SLAY

Analytics Engineer

15 November 2024
Apply Now
Deadline date:
£73000 - £136000 / year

Job Description

SLAY, founded in December 2022, has swiftly made its mark in the mobile world. In 2023, we developed several apps and games that reached the #1 spot in the App Store across 3 continents.

Backed by some of the world’s most esteemed investors, including Accel, Kevin Weil, Riccardo Zacconi Scott Belsky, and Ilkka Paananen, SLAY is rapidly growing and reaching millions of users.
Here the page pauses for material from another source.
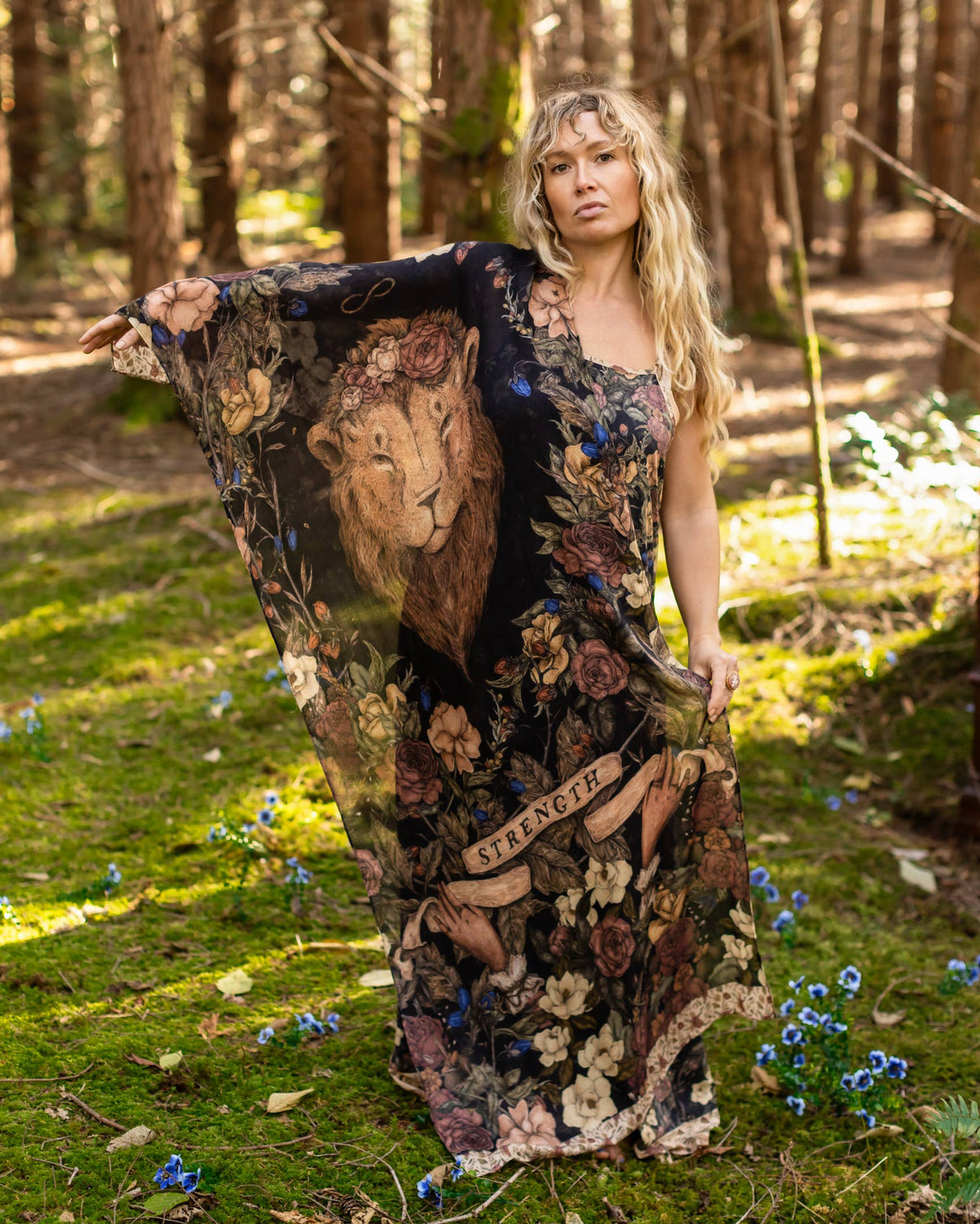 Woman in a detailed dress standing in a forest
Our mission is to create digital life through AI and become the leading company for virtual friends that live, grow and evolve like humans—starting with Pengu. Pengu has become the biggest AI character app with its own IP in the US and Europe.

Tasks

  • Data Analysis and Insights: Enable tactical and strategic decision-making by providing insightful analyses, developing models, and creating dashboards.
  • Develop and Maintain Data Pipelines: Build robust and scalable transformation pipelines in dbt to support our high data volume of 500k daily active users, employing engineering best practices.
  • A/B Testing: Design, analyze, and interpret the results of A/B tests to inform product and marketing strategies.
  • Cross-functional Collaboration: Work closely with various teams to understand their data needs and deliver solutions that drive business objectives.
  • Process Improvement: Continuously seek opportunities to optimize data processes and workflows for efficiency and scalability.

Requirements

  • Experience: 3+ years in a role such as Data Engineer, Analytics Engineer, or Data Analyst.
  • Technical Proficiency: Strong expertise in SQL and experience with cloud data warehouses.
  • Version Control: Experience working with Git for version control.
  • Workflow Orchestration: Familiarity with workflow orchestration tools.
  • Programming Skills: Proficiency in a programming language (e.g., Python) is a plus.
  • Adaptability: Proven ability to deliver high-quality results in a fast-paced, high-pressure environment.
  • Analytical Mindset: Strong problem-solving skills and a data-driven approach.
  • Communication Skills: Excellent verbal and written communication skills, with the ability to convey complex data insights to non-technical stakeholders.